Tim DeKay of White Collar.
How did you hear about White Collar?
I'd been under contract with HBO for five years doing different series. I was free from that and my agent told me they wanted me to do a chemistry read. They normally mean a woman when they say that, but it was with Matt Bomer, who plays my sidekick, Neal Caffrey. I thought it was just another pilot, but I read the script and thought it was fantastic. And as soon as I met Matt, I had a strong feeling the role was mine to lose.
What do you know about the background of the show and how it came together?
These things take forever. An idea somebody has from the time they have the idea to get it to script and then somebody buys the script, and there's no guarantee it gets filmed. By the time it gets to the actor, it's the last line. It goes actor and then the catering company. Wardrobe is even waiting for the actors.

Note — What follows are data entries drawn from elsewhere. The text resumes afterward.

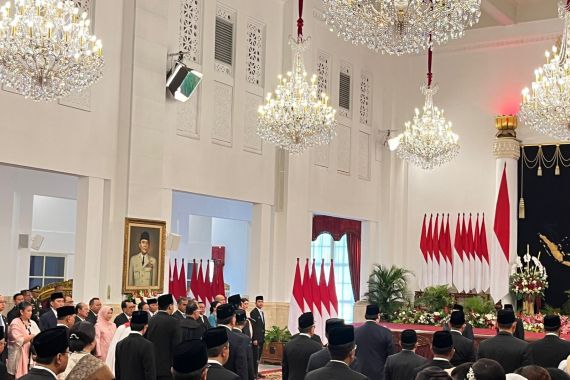 Prabowo Resmi Lantik 48 Menteri dan 5 Pejabat Kabinet Merah Putih - JPNN.COM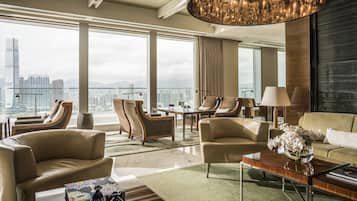 2 bares y bar junto a la piscina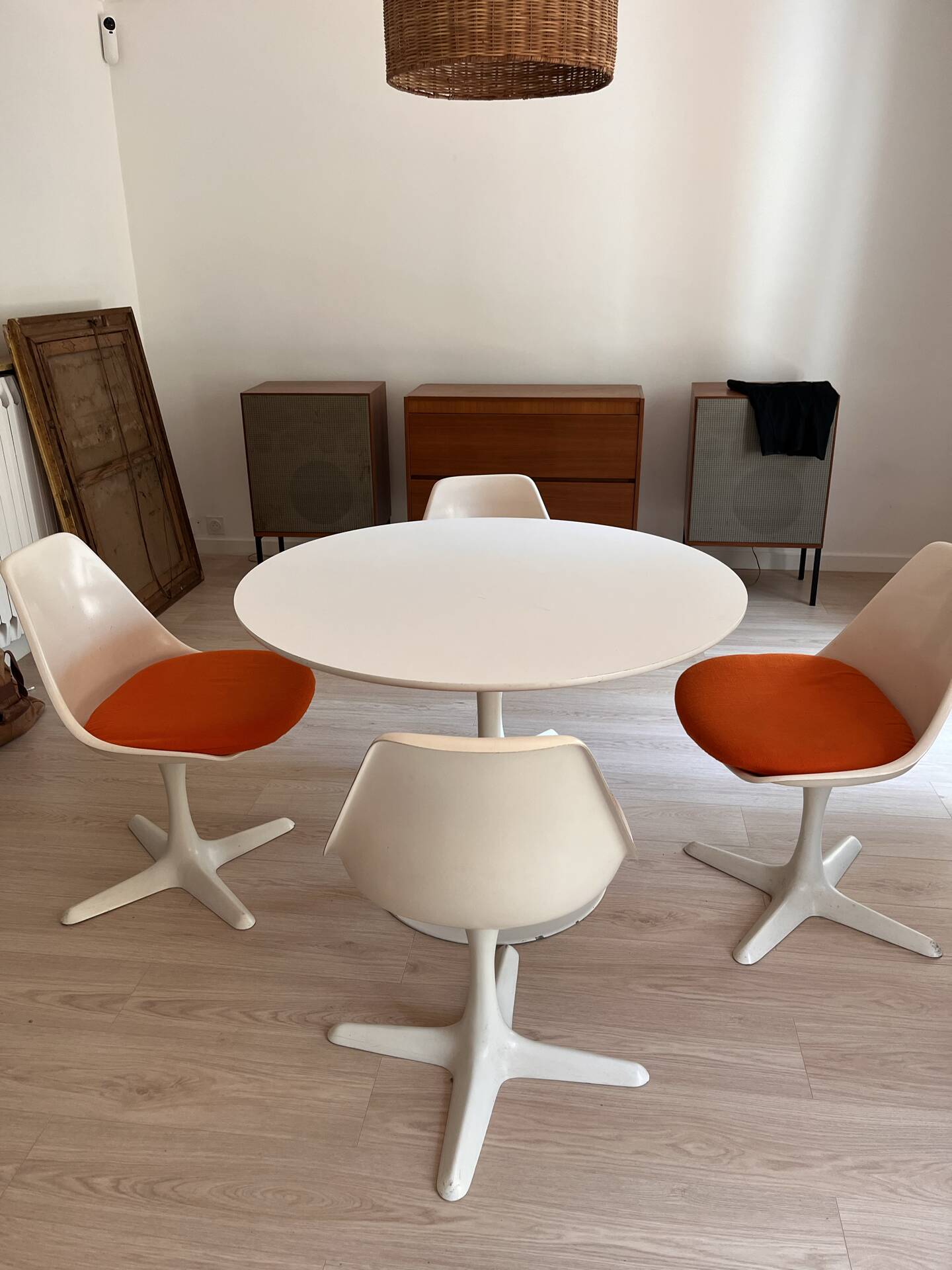 Tulipe Arkana table by Knoll and its 4 chairs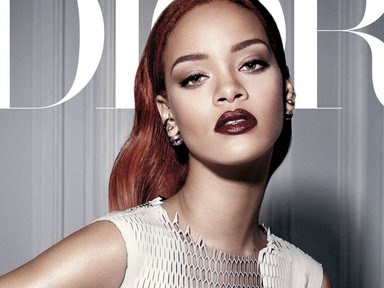 Rihanna villantós ruhában pózolgat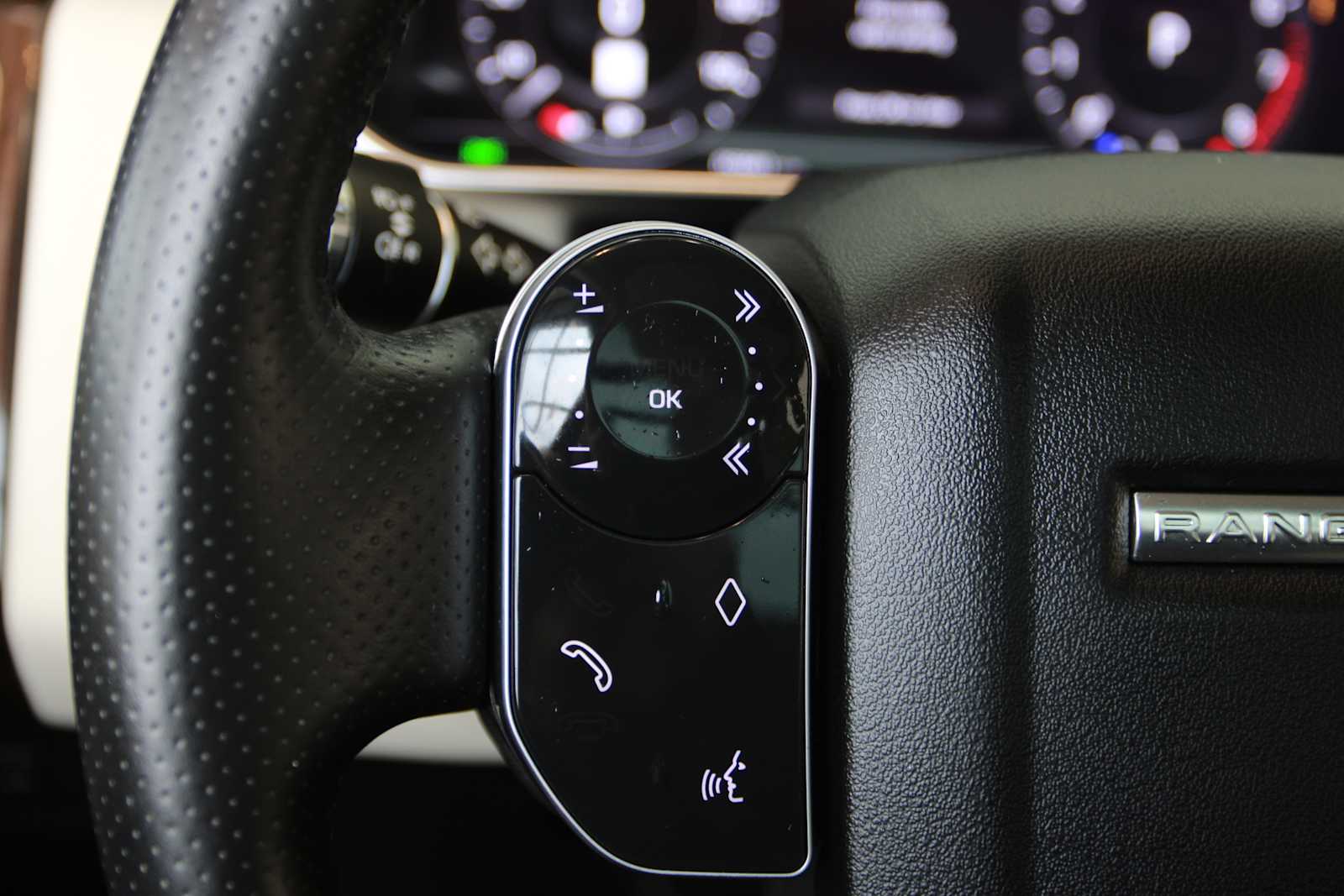 used 2020 Land Rover Range Rover Sport car, priced at $33,998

The show airs on the USA network in the US (it's on Channel Ten in Australia), where it seems to sit nicely within their brand of blue-sky shows?
USA was incredibly smart in getting together and creating something in that way. If you're watching Suits or Burn Notice on USA one night and then you come back the next day and White Collar is on, you will get a certain style that is distinctive. There is always a great shot where the camera is pointing up at the actor and at the blue sky. It's not light fluff, but it is intelligent escapism.
Are the story arcs on White Collar - which focuses on exotic crimes such as art theft and forgery - entirely fictional? How much truth is in the show's storylines?
A good part of it is fiction. But we do have a man who is a retired FBI agent who works as our technical adviser. The creator and writers will sit down with him every so often over a beer and they just listen to his stories. Our writers scour the newspapers and internet for current white-collar crimes. There is something very attractive and savvy and snappy about somebody who steals a painting. So [the writers] take the theft and work backwards. Right now, though, the feedback we get is it's more fun to see how the characters on the show interact and solve the crime.
Your character, Peter, and Neal have an interesting dynamic. Are there people out there in 2012 who still operate like Neal in this world?
There are people out there. If they're really good, unfortunately, we don't know that they are out there. There are guys out there who skim along; they go from country to country. It's not dangerous to think there are people out there like that. That's one of the attractive things about these guys and that world. It's above violence. And that's why the audience accepts Peter and Neal being so close to each other. They love each other. But yet they don't trust each other in some departments. But there is no danger involved.
The show is basically a bromance.
I always liken it to a poker game between two best friends. They never show each other the hand they are holding. What adds to the stakes is Peter cares about Neal, personally and professionally. He has a vested interest in this guy personally. It would crush Peter if Neal left.
Were you pleasantly surprised that Tiffani Thiessen was cast as your wife?
I had the great fortune of being the second person cast as the show. I got to read with the women who played my wife. When Tiffany walked in, I knew she would be my pretend wife.
White Collar will return to Thursdays on Channel Ten in 2013.